D’altronde Shonda Rhimes dà al suo pubblico, ormai fidelizzato da anni, quel che vuol vedere e così è stato anche con Bridgerton: amore, difficoltà da superare, buoni sentimenti, un po’ di pepe e il lieto fine.

La vicenda, inoltre, mette in evidenza la condizione femminile in quell’epoca: sottomesse agli esponenti maschili della famiglia, vittime facili di calunnie che avevano il potere di cambiare il corso delle loro vite, mogli infelici a causa di matrimoni combinati, dovevano sottostare ad innumerevoli regole non scritte che, se non osservate, le condannavano all’estromissione a vita dalla società. Questa è un’altra delle cifre stilistiche delle creazioni televisive di Shonda, il girl power è un plauso della showrunner volto a sensibilizzare sulla storia delle donne ed instillare nelle più giovani spettatrici la scintilla per continuare a lottare sempre contro soprusi e discriminazioni.

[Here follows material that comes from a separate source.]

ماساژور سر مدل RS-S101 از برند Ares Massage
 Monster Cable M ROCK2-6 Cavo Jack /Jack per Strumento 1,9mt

Il cast è fieramente colour blind, ovvero multietnico, questo perché l’epoca in cui è ambientato Bridgerton ha visto sul trono d’Inghilterra, probabilmente, una regina mulatta. Ebbene sì, la duchessa di Sussex, Meghan Markle, non detiene alcun primato: la regina Sophie Charlotte di Meclemburg-Strelitz, consorte di re Giorgio III, aveva antenati afro-americani; interpretata dall’attrice Golda Rosheuvel, la serie ha riacceso il dibattito in Gran Bretagna sulle ascendenze della regina Charlotte perché significherebbe che anche l’attuale sovrana, Elisabetta II, possederebbe a questo punto sangue misto, essendo Charlotte nonna della regina Vittoria da cui discendono gli Windsor.

Bridgerton, quindi, è una serie che non soltanto si lascia vedere ma che fa anche parecchio discutere. Oscar Wilde, qualche secolo dopo quelle vicende, avrebbe scritto nel Ritratto di Dorian Gray: “There is only one thing in the world worse than being talked about, and that is not being talked about”, ovvero che vi piaccia o no, ne parlerete ugualmente. E questo è un altro dei segreti del successo delle serie televisive di Shonda Rhimes.